Tarente, que te veut cet assassin farouche?
A trahir ton amie, il veut forcer ta bouche.
En vain s'offre à tes yeux le sanglant échafaud;
Ta reine, dans les fers, te parle encor plus haut.
Chaque âge, chaque peuple ont eu leur héroïne;
Thèbes (?) eut une Antigone, et Rome une Epponine [...]»
(J. Delille, La Pitié, Paris, Giguet et Michaud, 1803, p.93).
- «La princesse de Tarente, dit M.Bertrand de Moleville, se sauva à force d'héroïsme. Traduite devant les juges-bourreaux du 2 septembre, après avoir attendu son tour pendant quarante heures, sans fermer l'oeil, au milieu des cris des victimes qu'on immolait, et des angoisses de celles qui allaient être massacrés, elle retrouva toute son énergie, lorsqu'elle vit que les interrogatoires qu'on lui faisait tendaient à obtenir d'elle des déclarations qui inculpassent la reine. Elle réfuta si victorieusement toutes les calomnies sur lesquelles elle était interrogée, que l'opinion de tout auditoire, hautement prononcé, força ses juges à la déclarer innocente" (Ibid., p.184-185. J. Delille cite l' Histoire de la Révolution de France de Bertrand de Moleville, parue en 1801-1803).

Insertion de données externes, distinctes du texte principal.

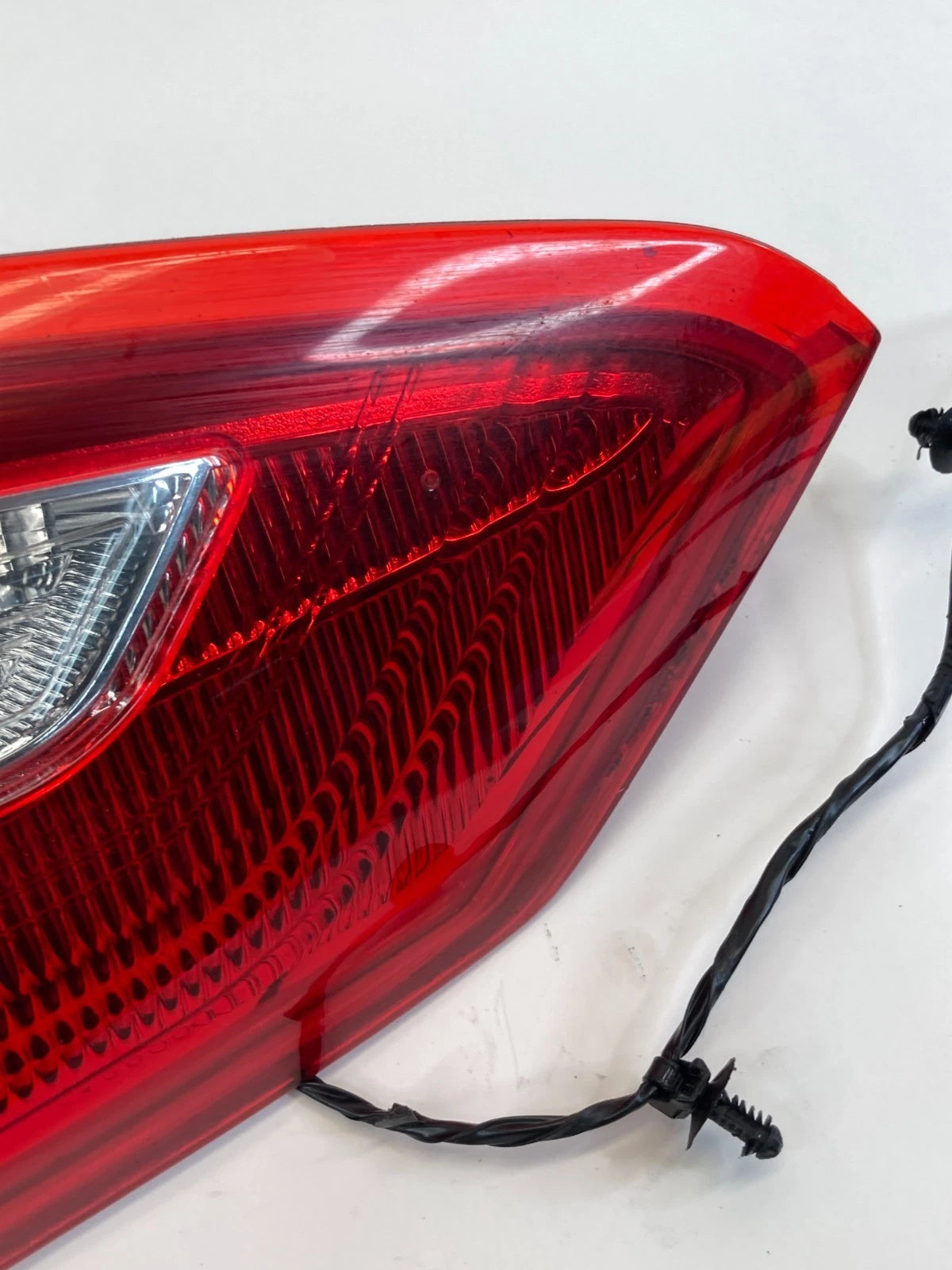 2012-2014 FORD FOCUS LEFT SIDE INNER REAR TAIL LIGHT ASSEMBLY BM5113A603-CH OEM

- "Son âme ardente et belle est susceptible d'apprécier l'amitié. Tous les jours je voyais la sienne s'accroître pour moi. Son caractère altier et ferme repose et calme par l'appui qu'il semble offrir" (Souvenirs de la Comtesse Golovine, Ed. K.Waliszewski, Paris, Plon, 1910, p.194).
- "Cette singulière femme avait quelque chose de repoussant dans l'extérieur et les manières, et cependant son âme était susceptible des affections les plus profondes. Jamais je n'ai rencontré un plus grand caractère et un esprit plus rétréci. Elle ne jugeait rien qu'à travers la lunette de ses préjugés. [...] La princesse de Tarente [...] se flattait en même temps de trouver un jour en moi une prosélyte catholique, semblable à la comtesse Golovine et à plusieurs autres personnes de la même société" (Comtesse Edling, Mémoires, Moscou, imprimerie du Saint-Synode, 1888, p.46, en français).
- "Mme de Tarente, pour tous ceux qui n'avaient avec elle que des relations indifférentes, avait des défauts; mais je conçois bien que dans la famille où elle avait concentré ses plus chères affections, on n'ait senti que ses vertus, ou du moins on ne se souvienne que d'elles et de ce dévouement rempli d'âme qui l'identifiait à tous les intérêts de sa famille d'adoption" (Lettres de Madame Swetchine, éd. le comte de Falloux, Paris, Didier, 1881, t.1, p.173).